• Charlotte Fire Department has new chief following past controversies

    By: Joe Bruno

    Updated:

    CHARLOTTE, N.C. - The city of Charlotte has named a new leader for the Charlotte Fire Department as it works to diversify its ranks and build morale following the retirement of former Fire Chief Jon Hannan last August.

    Reginald Johnson comes to the Queen City from Fairfax County, Virginia where he has been the assistant fire chief since 2015. He has been with the department since 2008.

    Johnson, who has 24 years of experience, will take over on April 30.

    “We have one of the top-ranked fire departments in the country, and so overall my goal is to maintain that status and that means having one of the safest fire departments with the best response times,” said Mayor Pro Tem Julie Eiselt.

    Channel 9 learned that more than 90 people were interviewed for the position.

    Johnson will make $188,000.

    Reginald Johnson

    "Reggie’s passion for the fire service is second only to his passion for people," City Manager Marcus D. Jones said. "He is an excellent communicator with a talent for relationship-building that will be instrumental in continuing Charlotte Fire Department’s track record of success."

    The Fairfax County department has nearly 1,400 career staff and 300 volunteers operating out of 38 fire stations.

    "I am honored, blessed and humbled to serve as Charlotte’s next fire chief," Johnson said. "I look forward to meeting the men and women who have cemented Charlotte Fire Department as a leader in fire service and emergency management. Together, I know we can accomplish great things."

     WHO HE REPLACES

    Former Charlotte Fire Chief Jon Hannan spent 38 years with the department and 10 as its chief. Before he stepped aside, he had 42 fire stations and more than 1,000 firefighters under his command.

    Former Charlotte Fire Chief Jon Hannan

    But his last few years were marked with several controversies. In 2014, Channel 9 uncovered the department paid one firefighter nearly $100,000 in overtime for working on the department's antique fire trucks.

    When we asked about thousands of dollars spent on a canine mascot for the department, Hannan refused to even look at the receipts.

    At one point, firefighter Linda Lockhart said leaders bullied her.

    Brown asked Lockhart what needs to be changed the most.

    “The morale here,” Lockhart said. “I think it'll be a good change for Charlotte.”

    Lockhart was the Charlotte’s first black female firefighter, but she wasn’t the only employee at the Charlotte Fire Department to speak out.

    “We was getting treated unfairly,” Lockhart said. “It was more like favoritism.  Whoever they liked on the list would get pulled from that list.”

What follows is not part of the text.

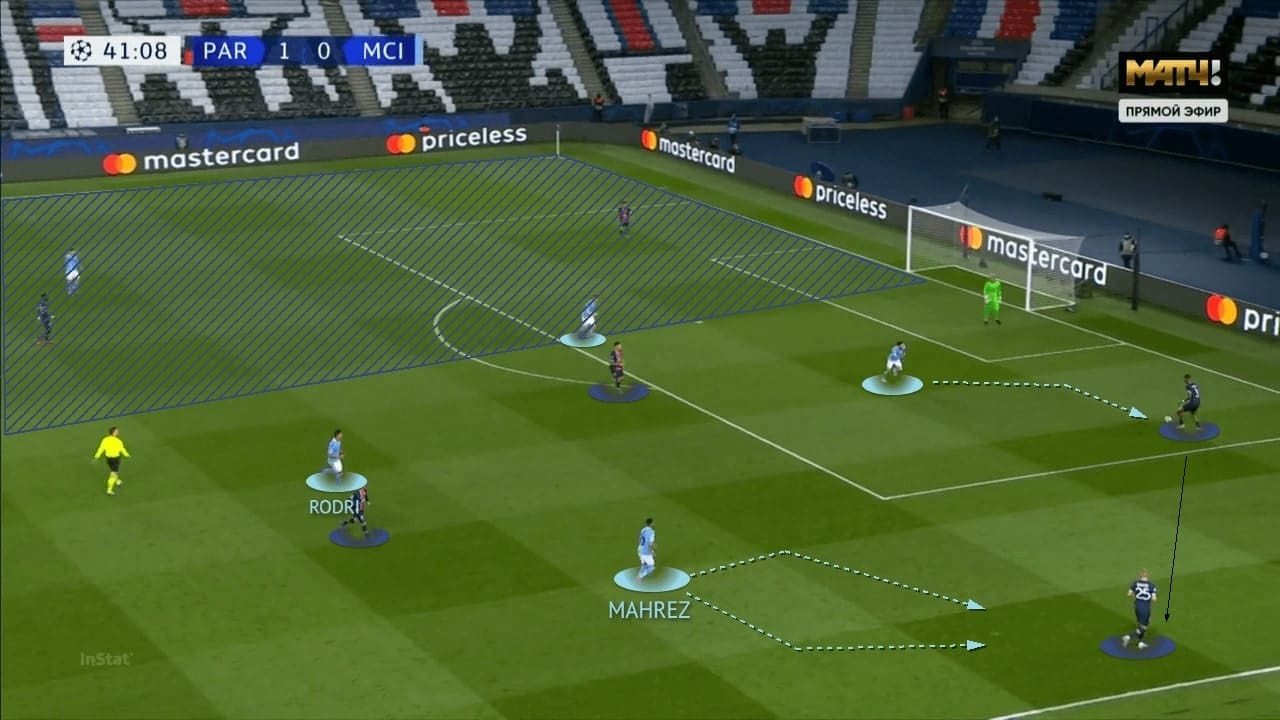 UEFA Champions League 2020/21: Paris Saint-Germain vs Manchester City - tactical analysis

    Then in 2016, former arson investigator Crystal Eschert sued saying the Charlotte Fire Department fired her in retaliation after she raised concerns over building safety. A jury awarded her nearly $1.5 million.

    Crystal Eschert

    "It's time for them to stop bullying people," Eschert told Channel 9 at the time.


    Past coverage:

     


    Chief Hannan's problems escalated last year when employees accused the department administration of discriminating against women and minorities who deserved promotions.

    Channel 9 investigated after we obtained three anonymous letters alleging the department had an unfair and arbitrary promotional process.

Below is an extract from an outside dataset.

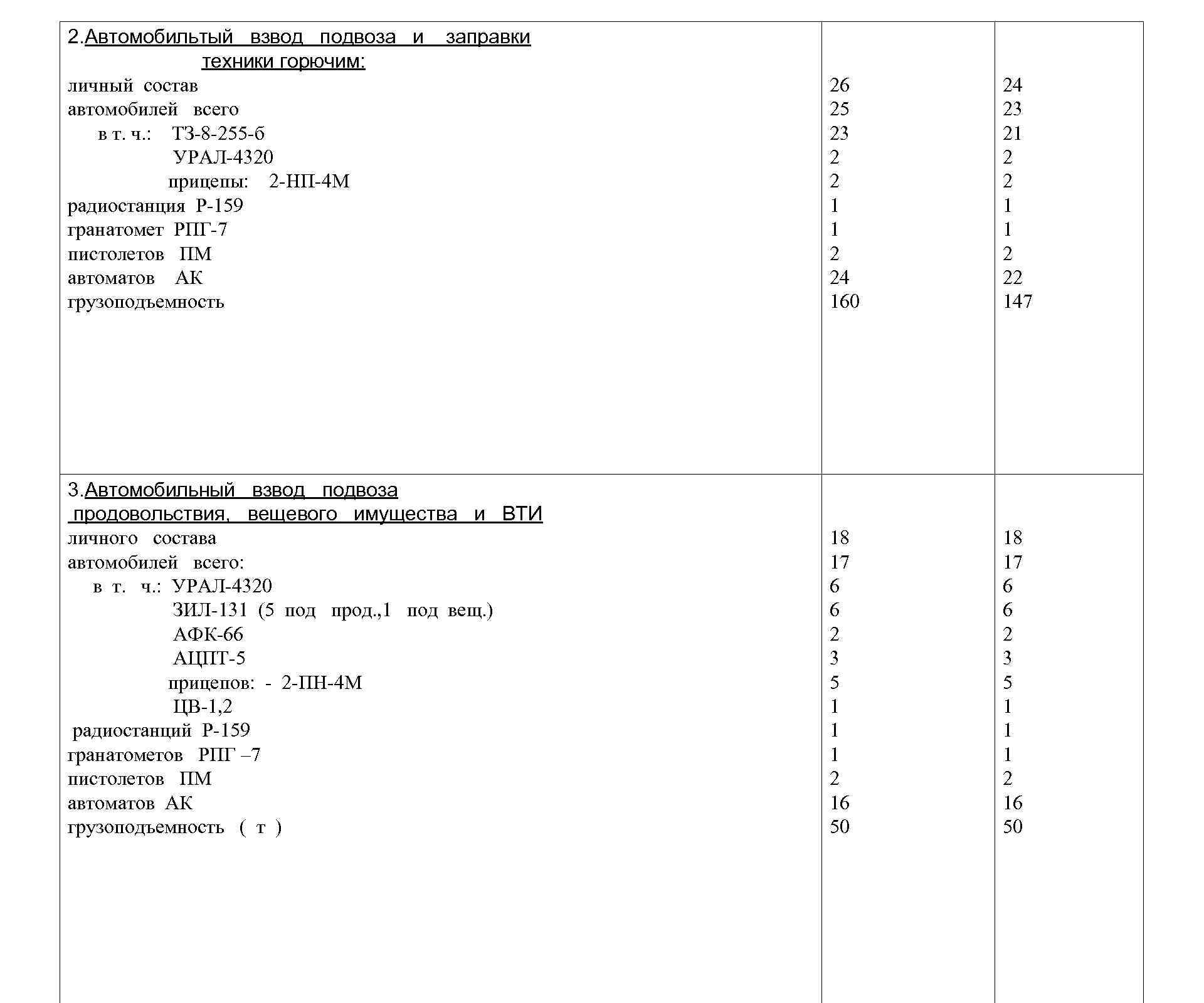 2. Автомобильтый взвод подвоза и техники горючим: личный состав автомобилей всего в т. ч.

    The letters alleged Hannan manipulated the system to keep women and minorities in leadership at minimum levels.

    Fire department leaders later admitted that they had a problem with diversity and struggled to hire women and minorities, but they said they were trying and they disputed the accusations in the anonymous letters that claimed qualified applicants were excluded.

    But not long afterwards, Hannan announced he was stepping aside.

    "I have come to realize that what I can do to move the department forward and up has been accomplished.  It is time for me to pass it on," he said.

    Channel 9 learned the department Johnson is leaving faced similar issues, including harrassment and intimidation.

    A source involved in the interview process said they know about those claims and they have talked to people extensively about them.

    City officials are satisfied Johnson was not involved in those scandals.

    INTERIM CHIEF

    After Hannan retired, Pete Key took over the department on an interim basis.

    Pete Key

    He said he wanted the job permanently and his top priority was investing more resources to recruit diverse employees. But ultimately, city leaders decided to bring in someone from the outside.

    JOHNSON STARTS APRIL 30

    Johnson holds bachelor and master of science degrees, with a focus on emergency management, from the University of Maryland University College.

     

    He and his wife Angie have an adult son and daughter, and say they look forward to making Charlotte their home.

    His first day on the job is April 30.